Advice for the New Grad

It’s springtime, and the panel had some words for this year’s crop of emerging career professionals.

“You’re less likely than generations before, to go into a single job and stay in that job, maybe even into a single profession, and stay in that profession over the course of your career,” Mindell said, urging youngsters to learn more about a broader set of systems.

“I just honestly feel very bad for young people today, genuinely,” Mullainathan added, speaking to the changes in media that impact our attention spans and much more. “When I was young, I had a TV that had, I think, eight television stations; two of them were PBS, and most of them had Gilligan’s Island and things like that, which aren’t particularly interesting shows,” he said. “Flash forward: imagine being young and having this box in front of me, with endless distraction and entertainment. That’s the thing that has been unleashed on people, and it’s made people’s psychological lives incredibly hard.”

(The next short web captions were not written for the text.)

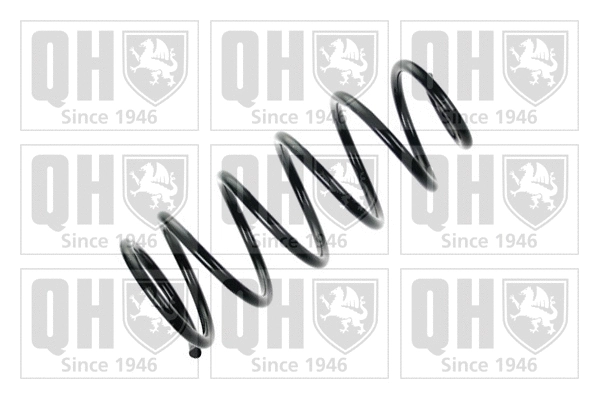 Suspension Spring (QCS5082)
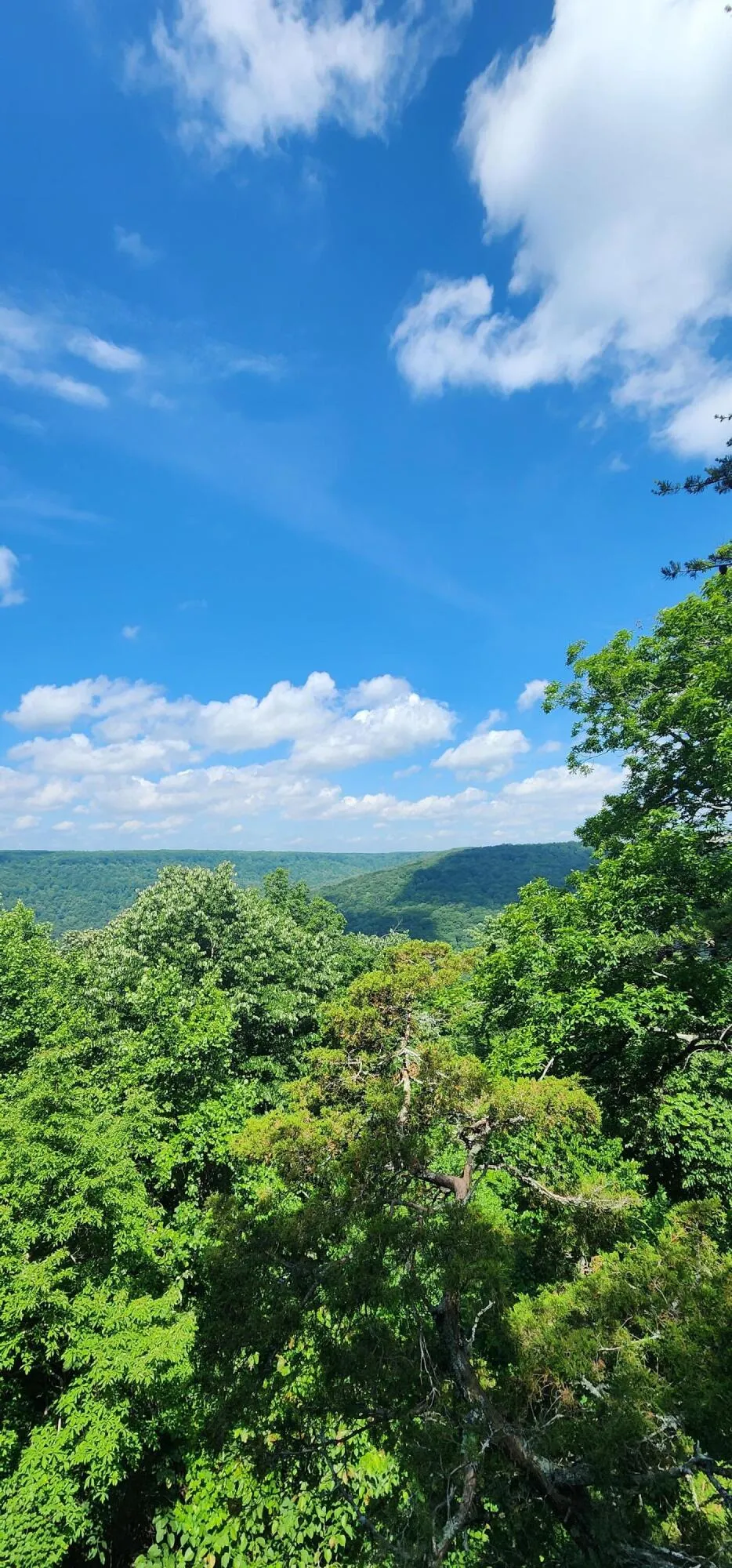 Roth Point Road Altamont, TN 37301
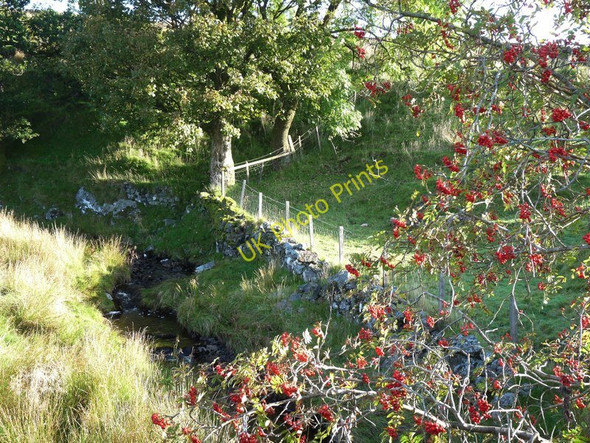Photo 6"x4" A corner of the Garpel Burn Lochwinnoch c2009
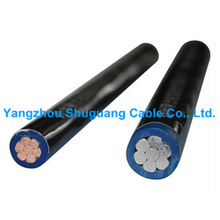 �L�ڹ��� �����~�ܾ� �X�ܾ�BV+BLV�͉���| �əz�y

And then, he added, there’s AI.

“We’ve kind of created this incredible rugged environment for young people, where they are left in a psychological environment, where they have to figure it out for themselves,” he said. “I think we need to do something about that.”

In the end, panelists mentioned being prepared for change, with a diversity of skills, and a proactive response to the biggest technological changes any of us have ever known. This was a ground breaking conversation.